Extracted records:

┌──

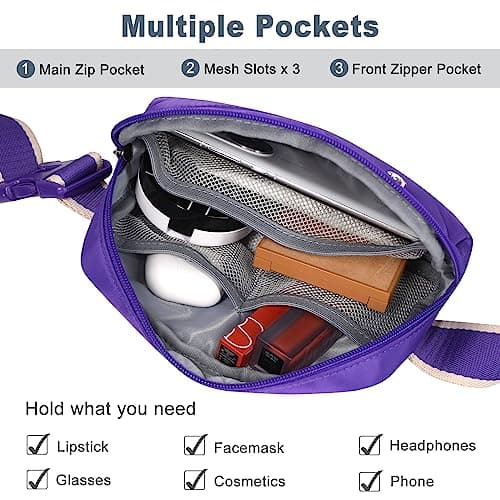 DMLuna Small Crossbody Bags for Women Trendy, Lightweight Waist Pack for Women & Men, Mini Belt Bag, Waist Bag with Adjustable Strap for Running Workout Traveling, Purple — view 2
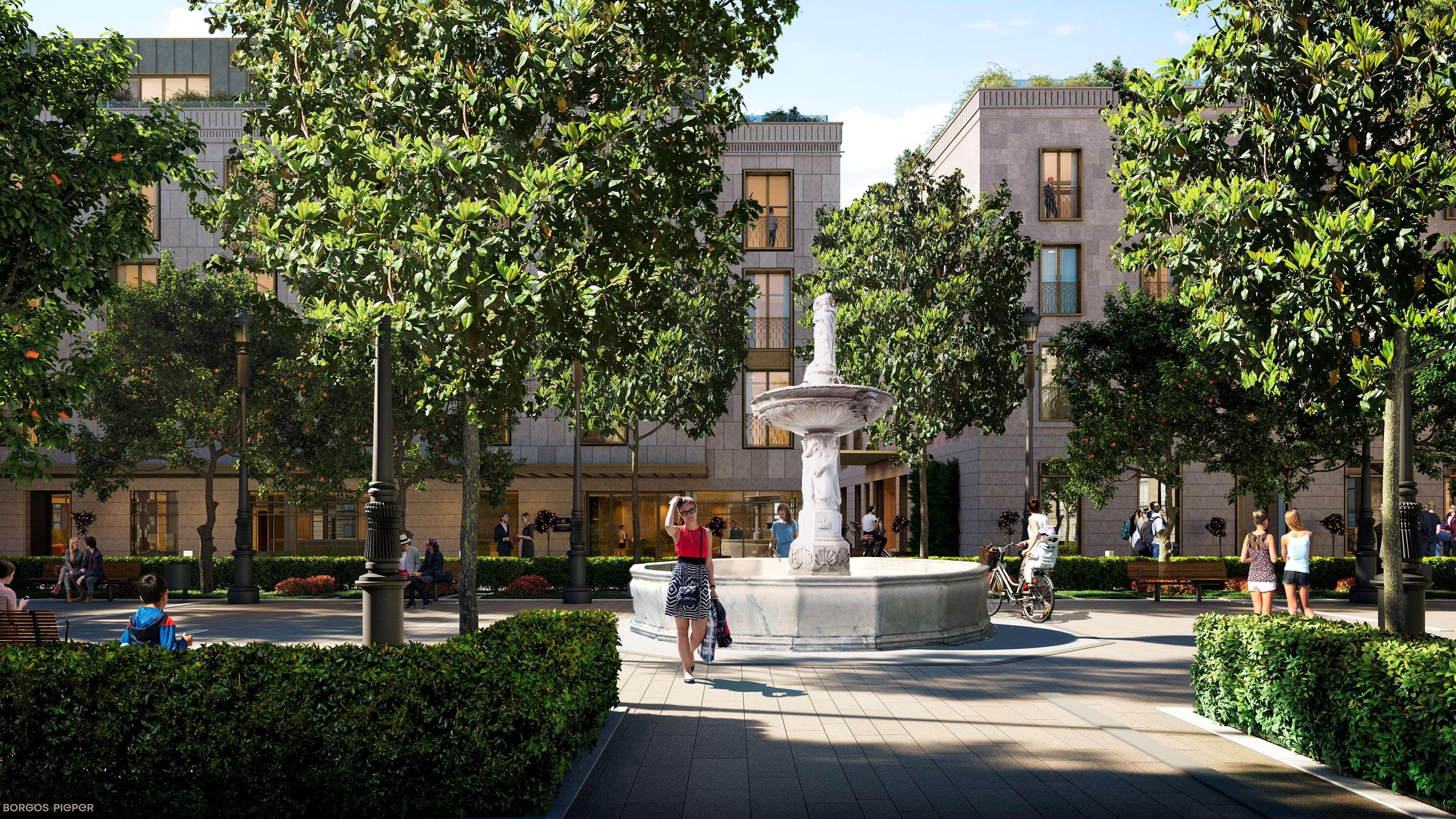 เรดิสัน คอลเลคชั่น โฮเทล มักดาเลนา พลาซา เซบียา Hotel เซบีญา ภายนอก รูปภาพ The proposed fountain at the heart of the development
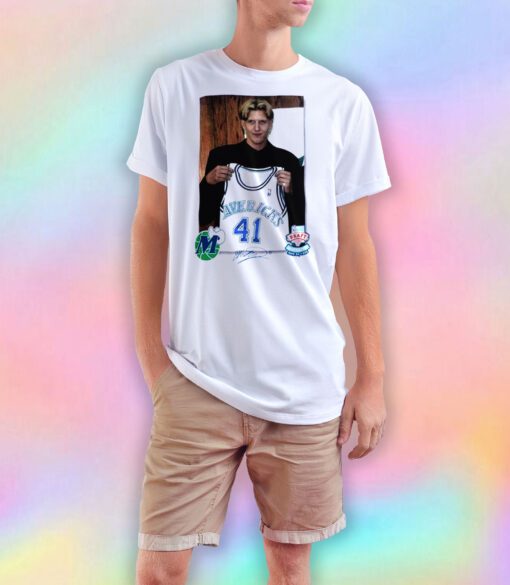 DALLAS MAVERICKS MITCHELL NESS DIRK NOWITZKI DRAFT T Shirt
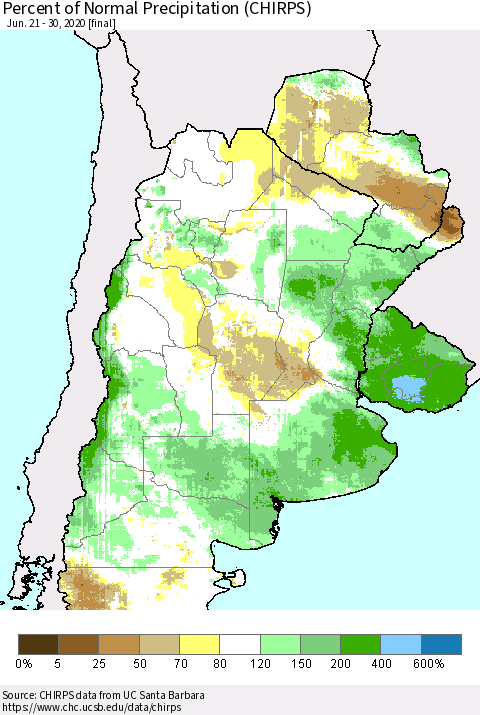 Southern South America Percent of Normal Precipitation (CHIRPS) Thematic Map For 6/21/2020 - 6/30/2020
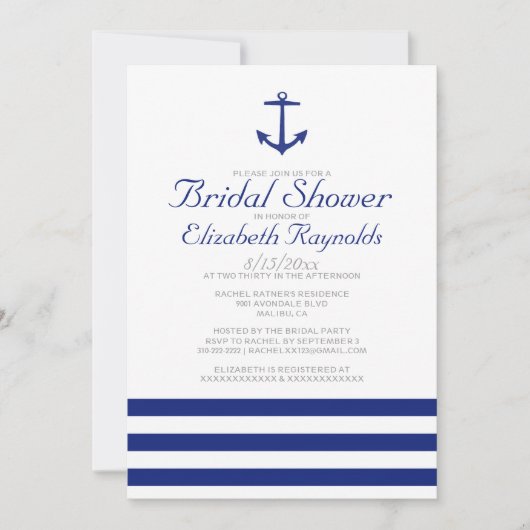 Elegant Anchor Bridal Shower Invitations Kaart (Voorkant)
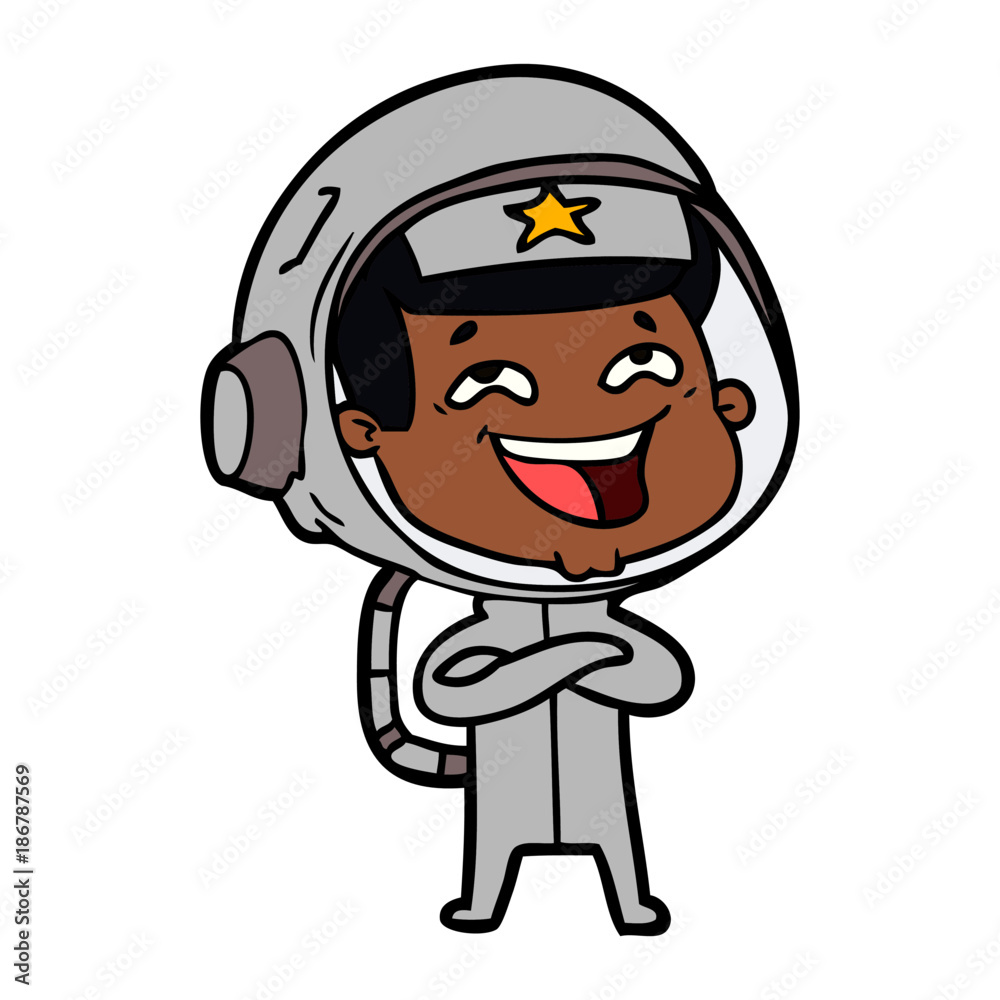 cartoon laughing astronaut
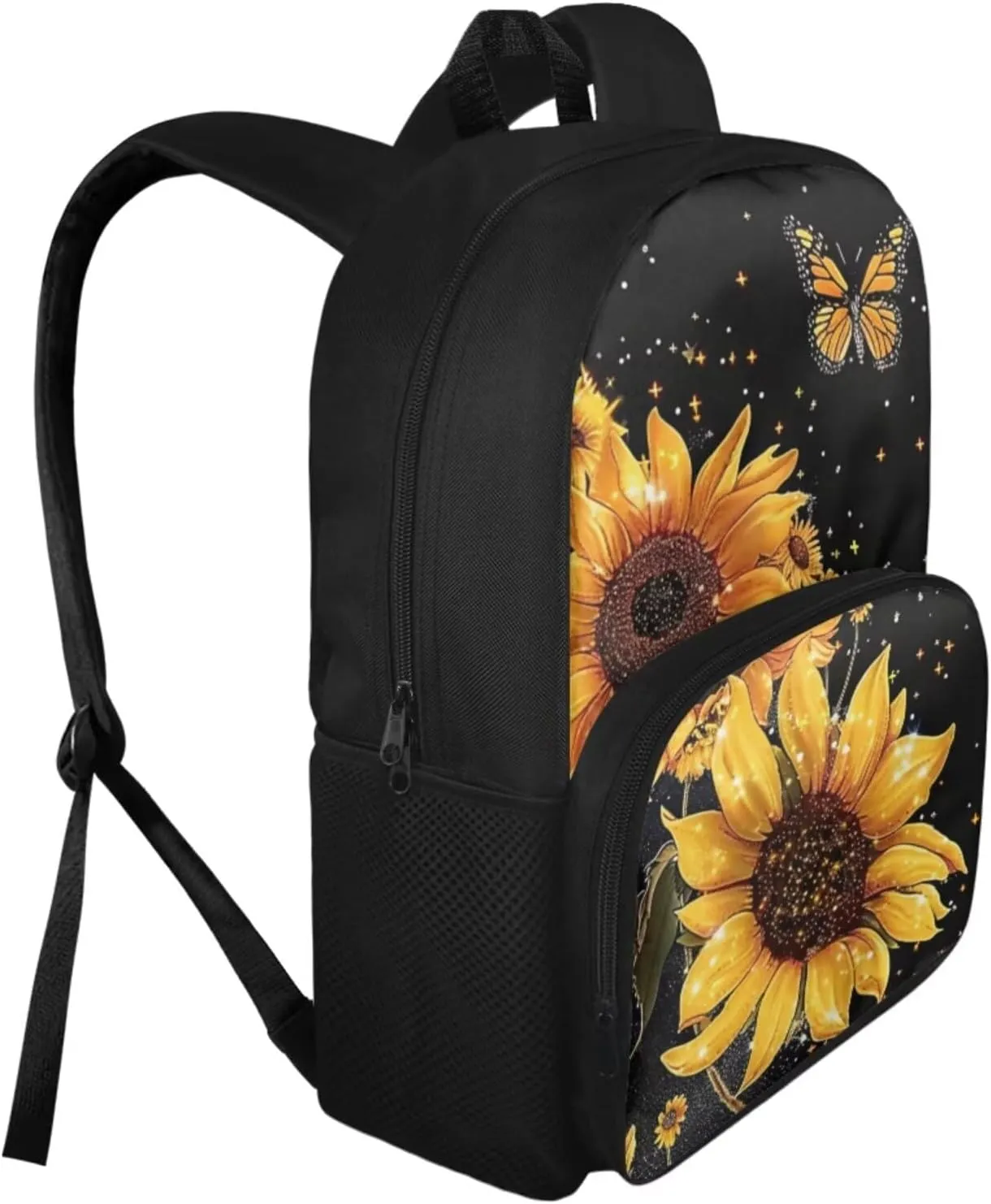 Butterfly Backpacks for Kids for School Sunflower Kids Travel Bags Sets Backpacks for High School Students Pencil Box for Kids Girl Book Bags for Kids and Rectangle Lunch Boxes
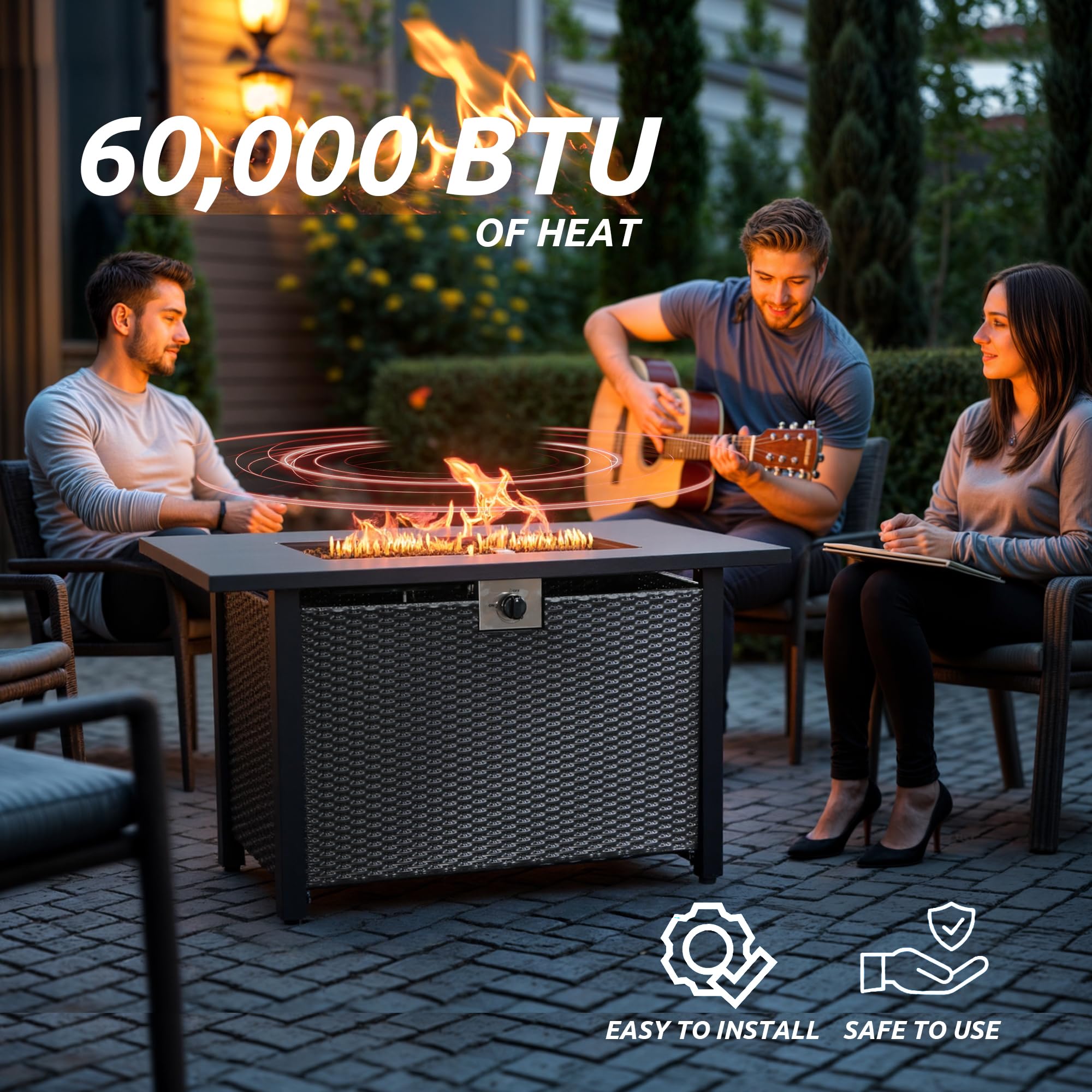 NIGOME Propane Fire Pit Table,Out Door Fire Pits & Fireplaces,Gas Fire Pit with Lid and Lava Rock.Square Black Fire Pit Table on Patio Deck & Garden Backyard. (Raven‌ Black, 43-inch)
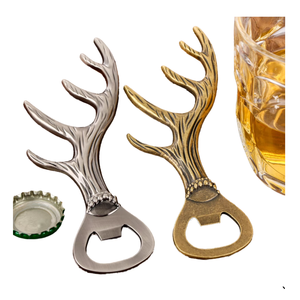 Ouvre-bouteille en forme de bois de cerf, durable, portable, rustique, outil de bar, cadeau unique pour homme, fête à domicile, mariage, Noël - Product Image 1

└──

Without any pictures, return the entries exactly as given.

■ Reply:
 DMLuna Small Crossbody Bags for Women Trendy, Lightweight Waist Pack for Women & Men, Mini Belt Bag, Waist Bag with Adjustable Strap for Running Workout Traveling, Purple — view 2
 เรดิสัน คอลเลคชั่น โฮเทล มักดาเลนา พลาซา เซบียา Hotel เซบีญา ภายนอก รูปภาพ The proposed fountain at the heart of the development
 DALLAS MAVERICKS MITCHELL NESS DIRK NOWITZKI DRAFT T Shirt
 Southern South America Percent of Normal Precipitation (CHIRPS) Thematic Map For 6/21/2020 - 6/30/2020
 Elegant Anchor Bridal Shower Invitations Kaart (Voorkant)
 cartoon laughing astronaut
 Butterfly Backpacks for Kids for School Sunflower Kids Travel Bags Sets Backpacks for High School Students Pencil Box for Kids Girl Book Bags for Kids and Rectangle Lunch Boxes
 NIGOME Propane Fire Pit Table,Out Door Fire Pits & Fireplaces,Gas Fire Pit with Lid and Lava Rock.Square Black Fire Pit Table on Patio Deck & Garden Backyard. (Raven‌ Black, 43-inch)
 Ouvre-bouteille en forme de bois de cerf, durable, portable, rustique, outil de bar, cadeau unique pour homme, fête à domicile, mariage, Noël - Product Image 1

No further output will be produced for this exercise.